WORK INSTRUCTION — Each line starting at the one that contains "Soccer Mom Love" and ending at the one that contains "4 x Heavy Duty" must be returned exactly, and the rest of the listing is left out.

RECORDS SHOWN —
· · ·
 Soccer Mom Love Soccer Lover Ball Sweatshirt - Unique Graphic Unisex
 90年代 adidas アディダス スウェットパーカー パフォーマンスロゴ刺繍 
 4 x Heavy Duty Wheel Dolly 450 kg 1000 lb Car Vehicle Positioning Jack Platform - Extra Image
· · ·
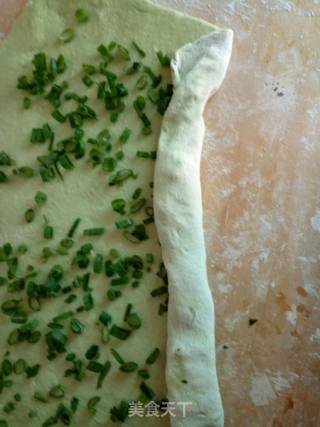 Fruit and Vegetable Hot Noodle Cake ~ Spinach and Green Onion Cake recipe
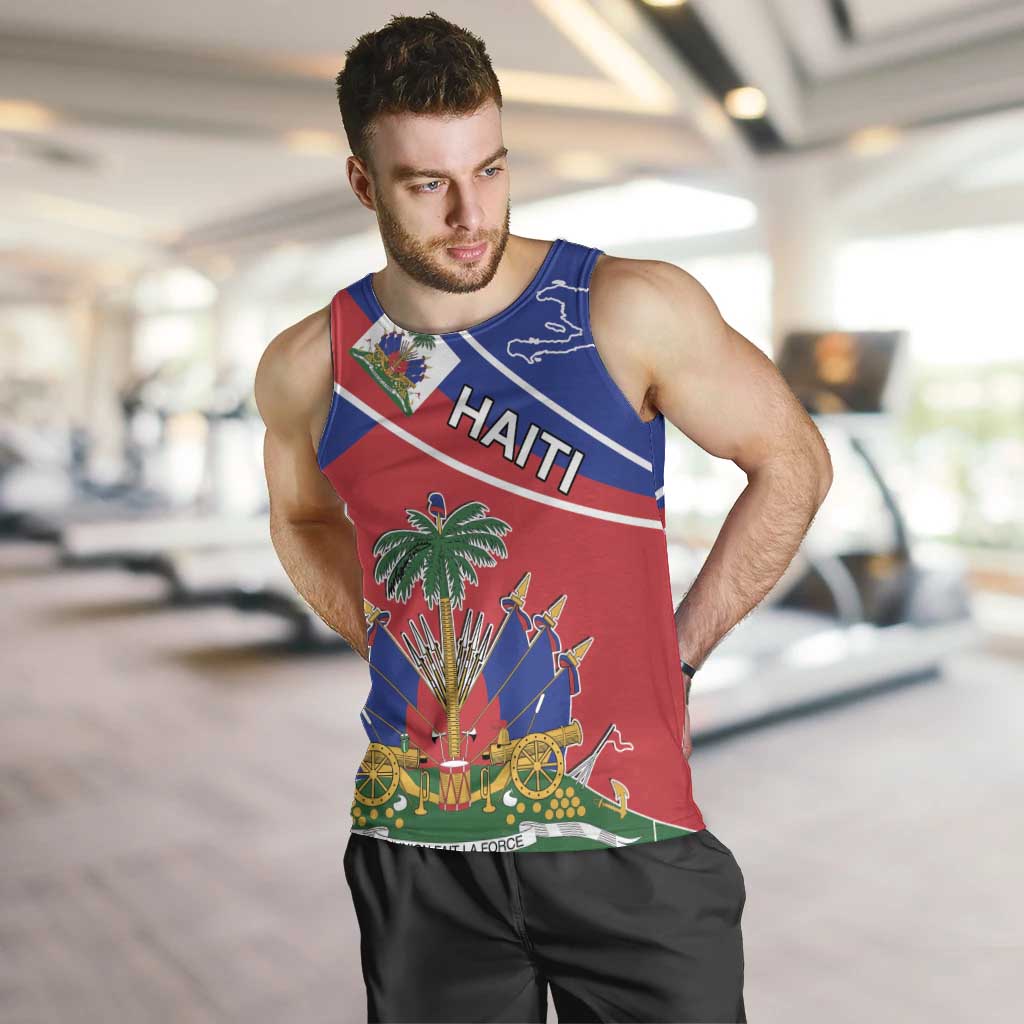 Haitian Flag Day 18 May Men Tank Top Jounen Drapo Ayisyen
· · ·
FINISHED TASK —
 Soccer Mom Love Soccer Lover Ball Sweatshirt - Unique Graphic Unisex
 90年代 adidas アディダス スウェットパーカー パフォーマンスロゴ刺繍 
 4 x Heavy Duty Wheel Dolly 450 kg 1000 lb Car Vehicle Positioning Jack Platform - Extra Image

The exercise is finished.